▸ **Problem to solve**
Below are several records. Retype exactly those lines running from the one with "IHC testing of" through the one with "IHC staining of", end lines included, and no others.

***** Dataset records *****

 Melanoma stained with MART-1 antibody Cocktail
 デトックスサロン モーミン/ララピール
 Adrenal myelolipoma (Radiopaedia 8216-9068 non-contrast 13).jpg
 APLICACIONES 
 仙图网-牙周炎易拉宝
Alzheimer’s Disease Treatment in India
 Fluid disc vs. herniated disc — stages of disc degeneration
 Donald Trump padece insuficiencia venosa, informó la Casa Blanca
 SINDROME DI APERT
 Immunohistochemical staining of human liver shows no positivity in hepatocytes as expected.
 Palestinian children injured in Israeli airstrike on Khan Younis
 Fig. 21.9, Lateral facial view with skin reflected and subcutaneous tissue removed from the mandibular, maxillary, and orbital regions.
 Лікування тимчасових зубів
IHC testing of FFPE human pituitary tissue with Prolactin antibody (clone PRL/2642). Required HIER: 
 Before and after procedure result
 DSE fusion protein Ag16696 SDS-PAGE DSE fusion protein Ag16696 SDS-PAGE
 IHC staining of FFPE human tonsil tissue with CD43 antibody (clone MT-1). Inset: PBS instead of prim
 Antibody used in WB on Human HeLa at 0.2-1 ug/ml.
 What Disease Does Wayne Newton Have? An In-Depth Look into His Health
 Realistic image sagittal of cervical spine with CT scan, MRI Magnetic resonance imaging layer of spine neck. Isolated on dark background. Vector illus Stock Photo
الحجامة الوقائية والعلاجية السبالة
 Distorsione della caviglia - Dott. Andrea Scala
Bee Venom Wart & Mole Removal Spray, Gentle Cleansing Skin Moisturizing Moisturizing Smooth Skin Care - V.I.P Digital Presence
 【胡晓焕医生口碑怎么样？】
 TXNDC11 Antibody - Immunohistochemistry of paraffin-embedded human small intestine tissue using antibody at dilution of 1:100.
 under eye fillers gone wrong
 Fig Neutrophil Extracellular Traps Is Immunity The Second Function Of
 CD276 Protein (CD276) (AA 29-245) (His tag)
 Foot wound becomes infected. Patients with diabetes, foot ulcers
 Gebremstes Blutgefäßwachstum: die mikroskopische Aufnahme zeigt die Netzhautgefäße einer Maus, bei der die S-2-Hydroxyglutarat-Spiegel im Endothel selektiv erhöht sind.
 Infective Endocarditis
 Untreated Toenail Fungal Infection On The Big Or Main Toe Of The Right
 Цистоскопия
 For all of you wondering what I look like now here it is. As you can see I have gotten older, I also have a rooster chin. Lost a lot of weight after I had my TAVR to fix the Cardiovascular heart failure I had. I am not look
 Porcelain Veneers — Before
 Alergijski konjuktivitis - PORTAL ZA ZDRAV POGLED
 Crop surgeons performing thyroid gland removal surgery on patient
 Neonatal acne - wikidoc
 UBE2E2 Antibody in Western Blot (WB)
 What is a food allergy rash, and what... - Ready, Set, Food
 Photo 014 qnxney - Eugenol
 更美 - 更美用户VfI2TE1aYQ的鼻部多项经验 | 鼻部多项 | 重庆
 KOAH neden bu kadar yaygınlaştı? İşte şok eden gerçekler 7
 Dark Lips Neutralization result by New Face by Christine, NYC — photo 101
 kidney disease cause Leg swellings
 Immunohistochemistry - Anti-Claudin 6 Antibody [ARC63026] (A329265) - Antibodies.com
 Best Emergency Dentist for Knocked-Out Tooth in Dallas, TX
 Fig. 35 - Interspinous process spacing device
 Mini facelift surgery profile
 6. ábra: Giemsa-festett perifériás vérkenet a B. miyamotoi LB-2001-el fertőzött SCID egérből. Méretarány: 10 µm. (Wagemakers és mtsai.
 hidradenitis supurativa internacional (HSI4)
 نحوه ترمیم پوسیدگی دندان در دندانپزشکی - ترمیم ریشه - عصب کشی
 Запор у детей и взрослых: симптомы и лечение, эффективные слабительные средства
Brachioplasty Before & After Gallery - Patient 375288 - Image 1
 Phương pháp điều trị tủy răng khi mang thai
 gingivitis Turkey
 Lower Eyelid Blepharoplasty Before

*****

▸ **Response below**
IHC testing of FFPE human pituitary tissue with Prolactin antibody (clone PRL/2642). Required HIER: 
 Before and after procedure result
 DSE fusion protein Ag16696 SDS-PAGE DSE fusion protein Ag16696 SDS-PAGE
 IHC staining of FFPE human tonsil tissue with CD43 antibody (clone MT-1). Inset: PBS instead of prim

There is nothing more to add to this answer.